Six or seven weeks later – a week only before Lynn left me – we had the fiasco at Glyndebourne. At the time it didn’t seem as important as it did later.
I’d had a hectic few weeks. Very nearly everything possible had gone wrong with the scintillometer, but it was moving ahead pretty well at last and Glyndebourne was one of the never-miss things in our lives, so I’d arranged to slip away immediately after lunch, pick Lynn up, change and get across London to Lewes by half-past five. In the end it didn’t work that way, and in spite of cutting my lunch to a cup of coffee and a sandwich, it was well after two before I left. Then because of summer traffic I couldn’t make up any time on the way. At a quarter to three I drew up in the drive a
nd found Lynn already changed and looking absolutely beautiful in a white frock with long white lace gloves that left only about six inches of rounded arm bare at the top. Her expression wasn’t right for the sunny afternoon but I kissed her and told her what I thought of her looks and ran upstairs and began to drag on a dinner jacket.
At three-five we were off, and I thought we’d made up the time lost. But again I’d reckoned without the holiday traffic, and it was ten past five when we got through East Grinstead. Lynn didn’t say anything, but I could see she was on wires. If you’re late it means staying out until the interval.
I hogged the road to Lewes, cutting in and out among all the family eight-horsepowers. It was a lovely afternoon, and the sun beat down into the car, so that I was soon sweating and wishing I could have been in slacks and an open shirt on a beach somewhere. We made Uckfield with twelve minutes to go, and as I drove into the car park at Glyndebourne the last bell was ringing. Lynn slid out and I followed her at the double. Everybody had gone in and I thought the doors were closed, but we just scraped in as the attendant was going to shut them.
What followed is no fault of Glyndebourne. Last year I’d been there to a performance of The Magic Flute, and it had been like hearing it in a fourth musical dimension.
But tonight I arrived in a lather like an over-driven horse, to sit in a crowded and silent auditorium so that I could hardly dare to stir a foot or wipe the sweat off my face, and had to listen to one of Gluck’s most funereal operas sung in French. It was all right for ten or fifteen minutes while the thing got going, but after that it became static for a very long time; and as I relaxed in my seat I began to feel sleepy. The first two or three times my eyes pricked and closed I didn’t take much notice. It would soon pass. But instead the figures on the stage grew bleary and I felt my head begin to move.

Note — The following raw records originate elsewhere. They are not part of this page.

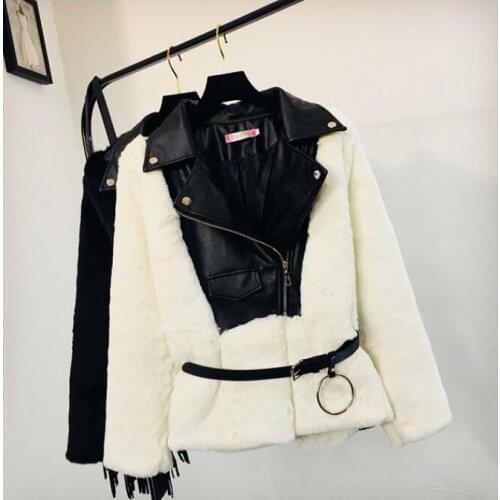 YYFS Womens Winter Leather Jackets China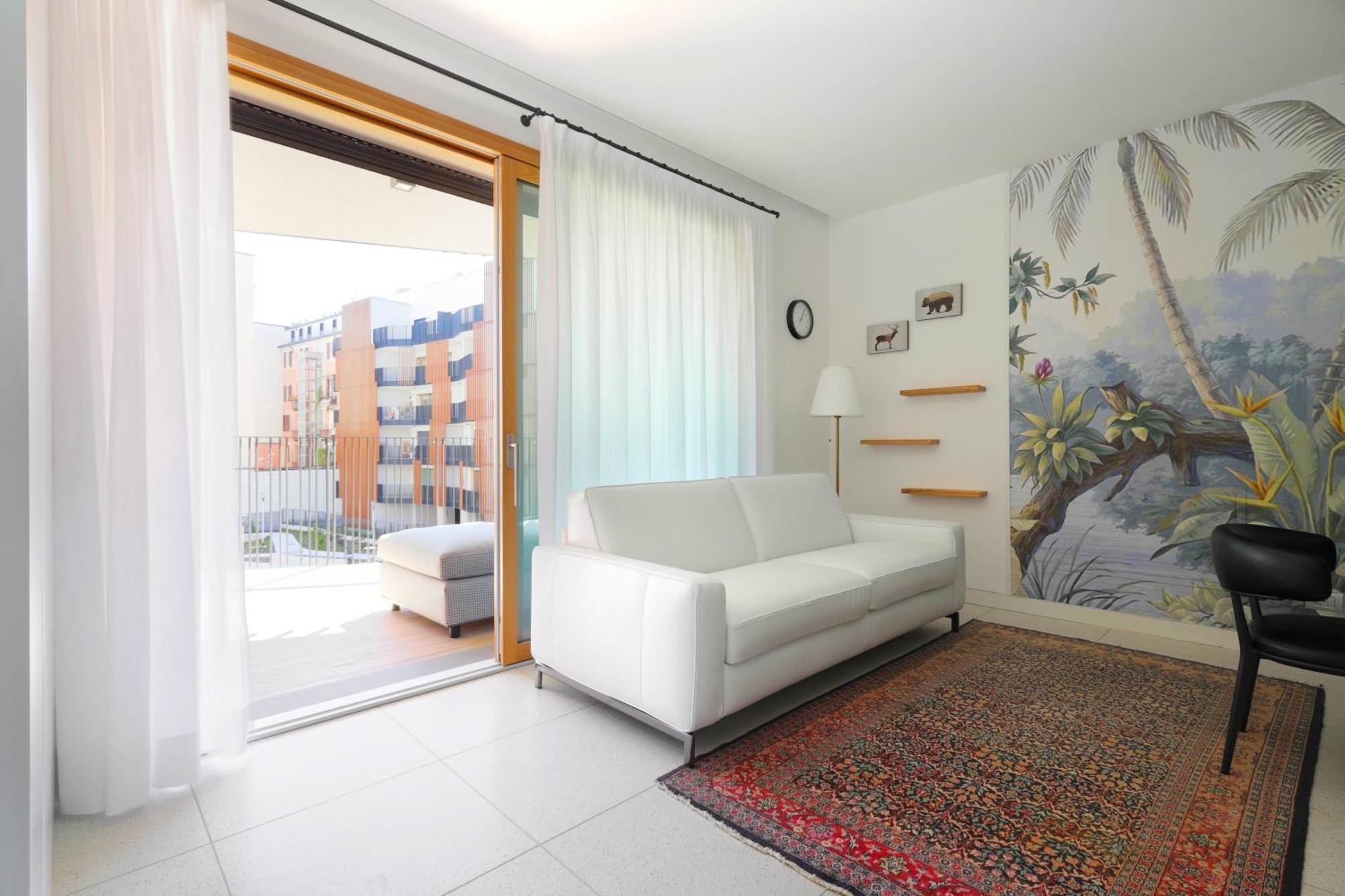 Luxury Apartment Con Terrazza, Palestra, Cowork & Box Privato Milano Eksteriør billede
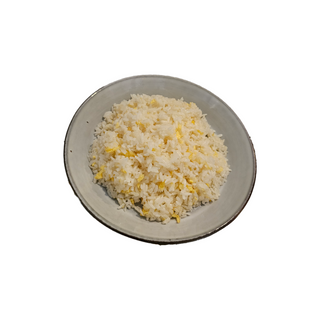 Arroz frito con huevo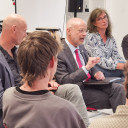 Besuch Alan Meltzer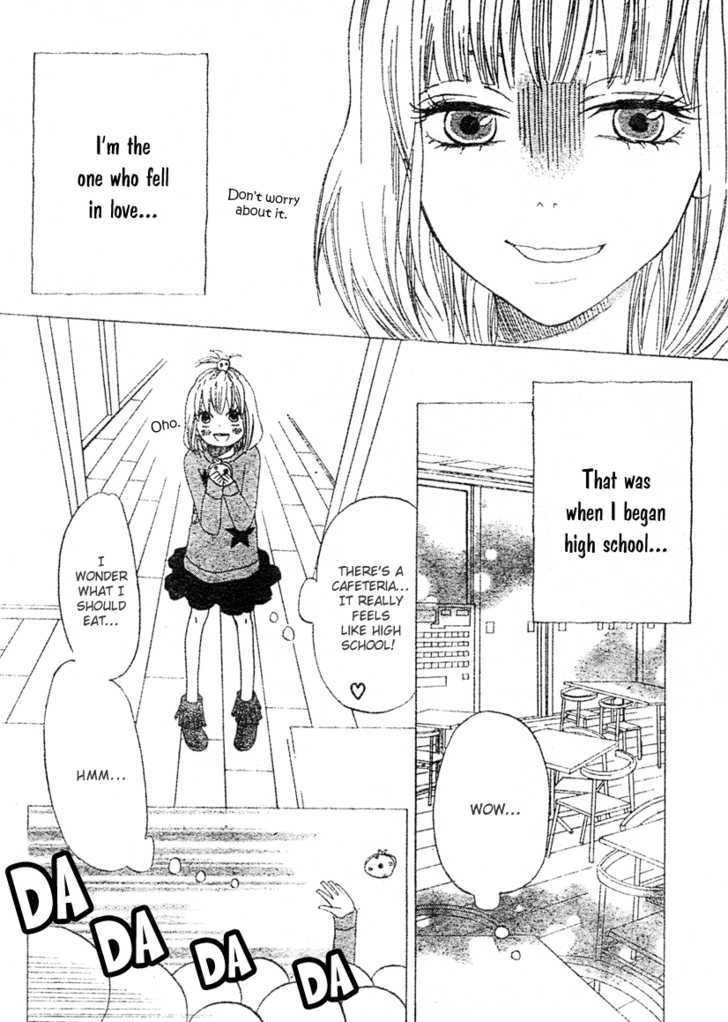 Hanbun Wa Ai De Dekitemasu Chapter 0 #11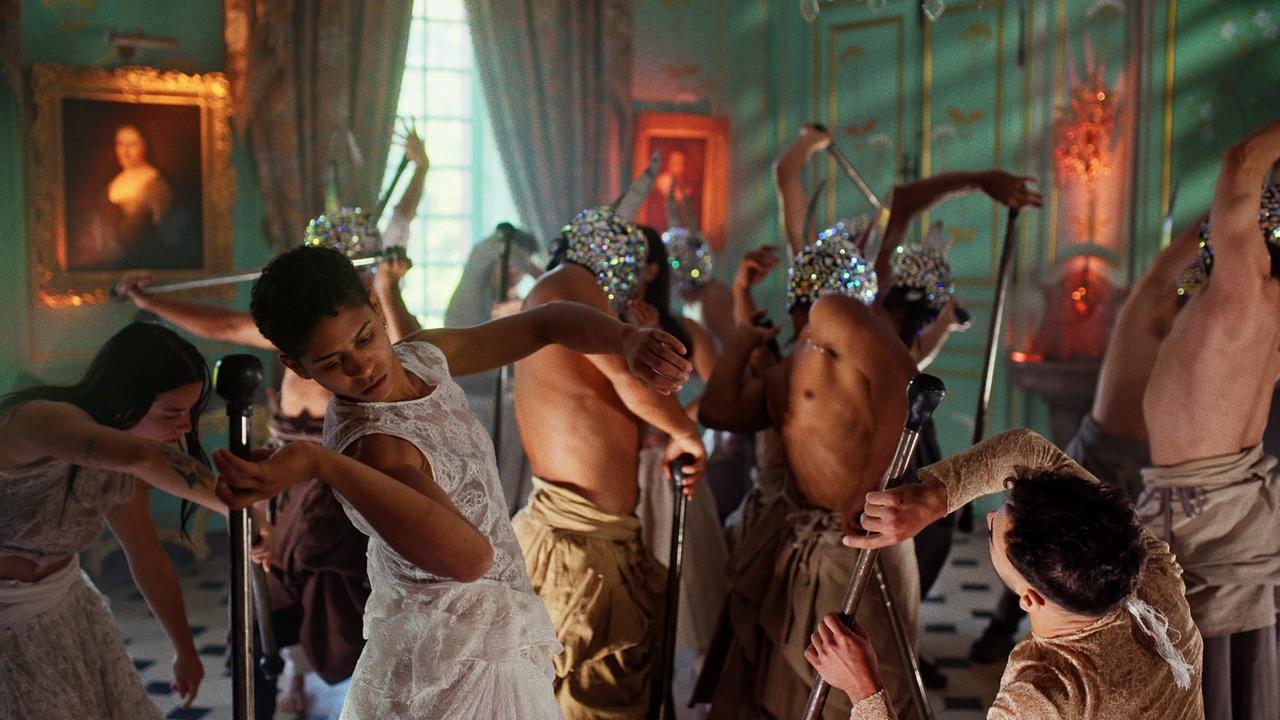 © ORF/Les Films Jack Fébus/ARTE France/CIE Hervé Koubi "Sur Mesure"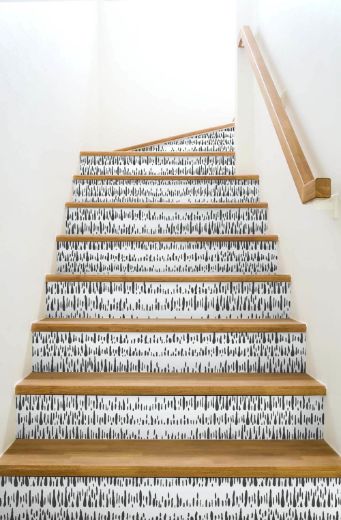 Brush Marks - Black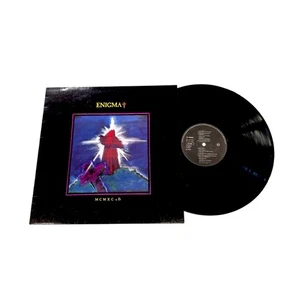 Enigma MCMXC a.D. LP ITALY 1990 - Picture 1 of 1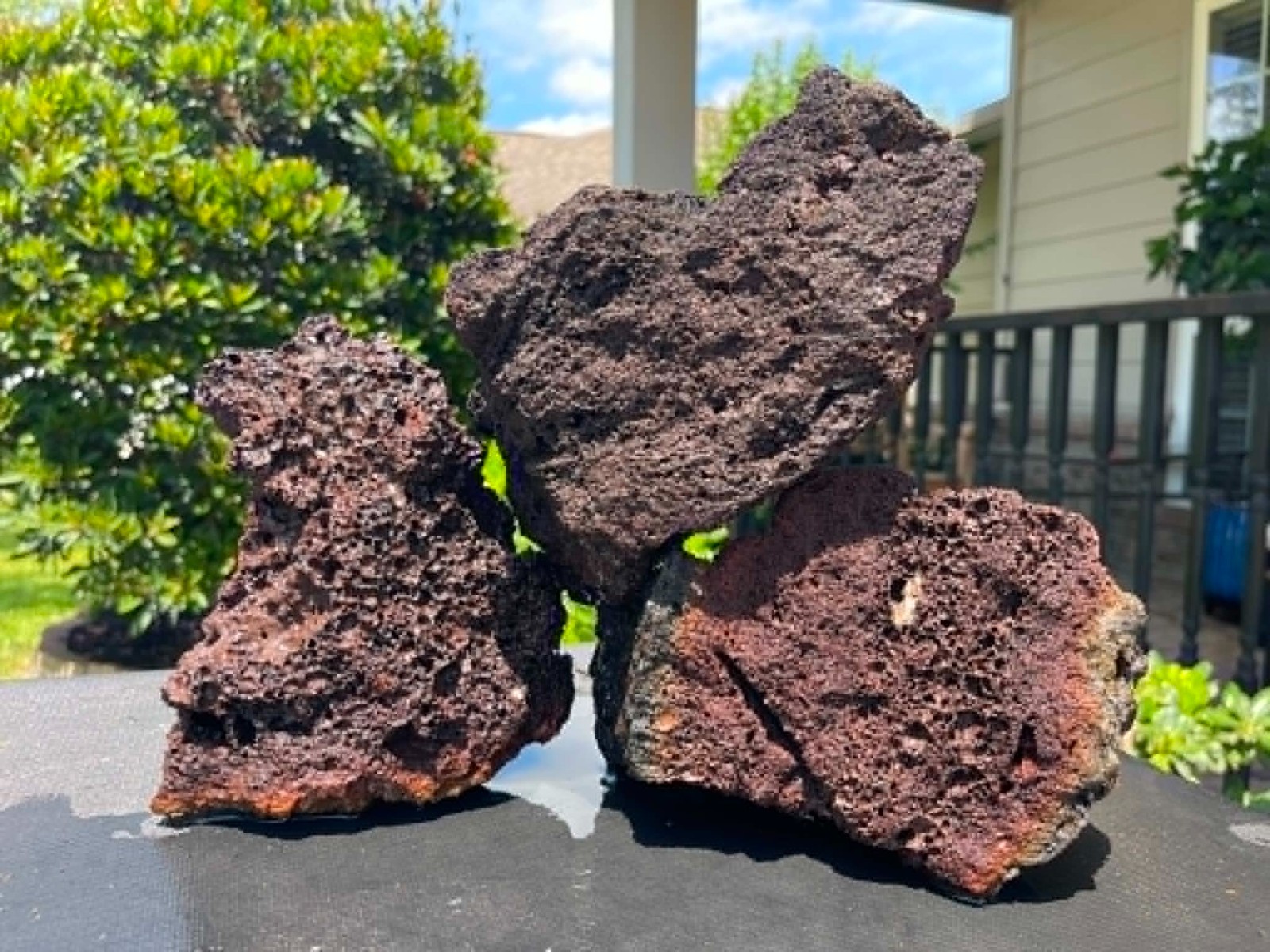 LAVA ROCK AQUARIUM REPTILE ART TERRARIUM PET GARDEN FISH AQUASCAPING HOME DECOR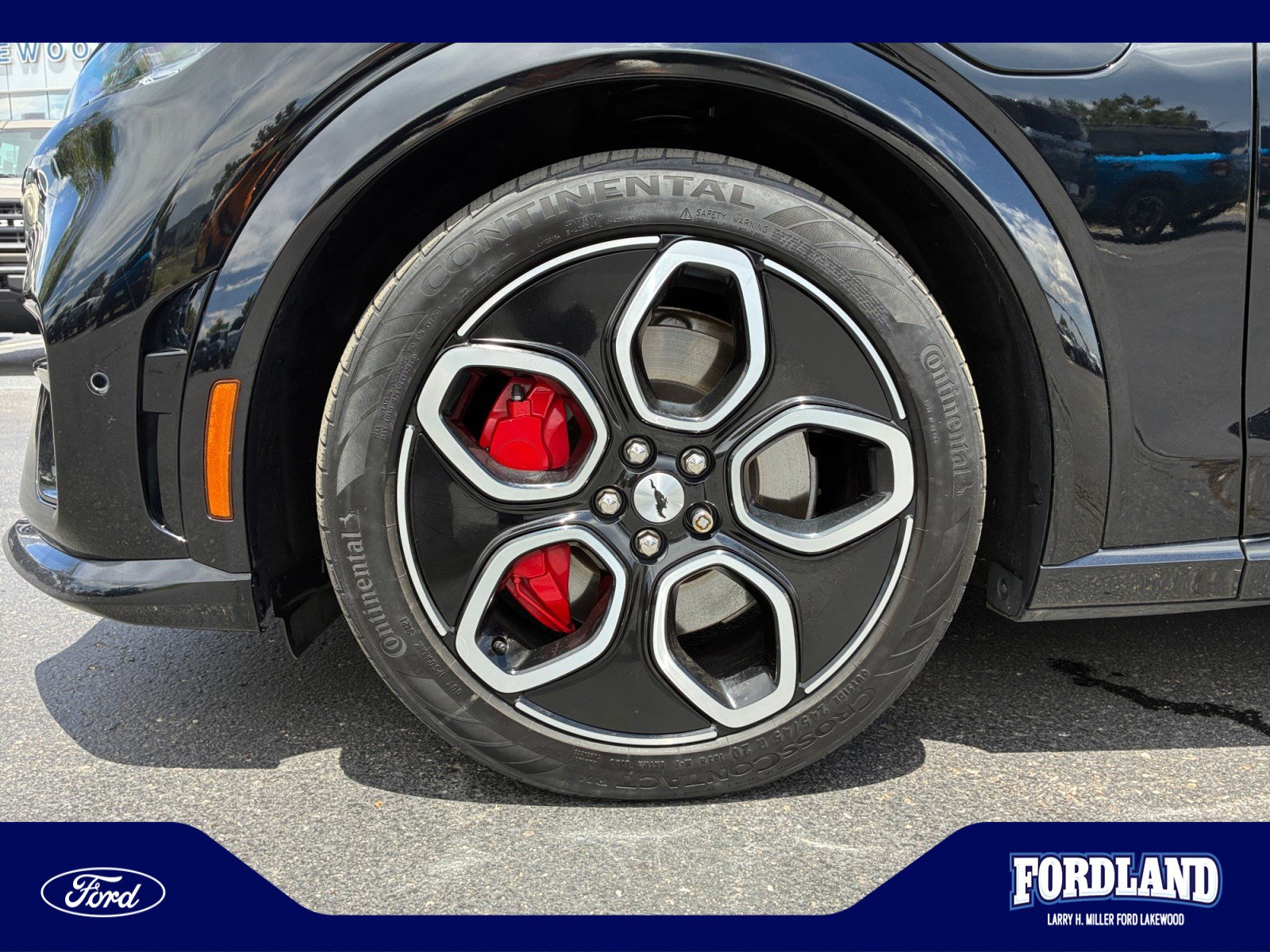 Used 2022 Ford Mustang Mach-E GT AWD/4WD image 26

I stopped it with a jerk of the muscles. A group of courtiers had come on the stage to join the Queen and were singing to Apollo. One of them reminded me of Thurston, my Harwell friend. And one of the women had a hairstyle like Anne Allen my secretary. I spent a happy couple of minutes working out who the other people on the stage were, and then the thing got out of hand. It looked to me as if Frank Dawson and Bill Read were there dressed up like Ancient Greeks and singing out of tune.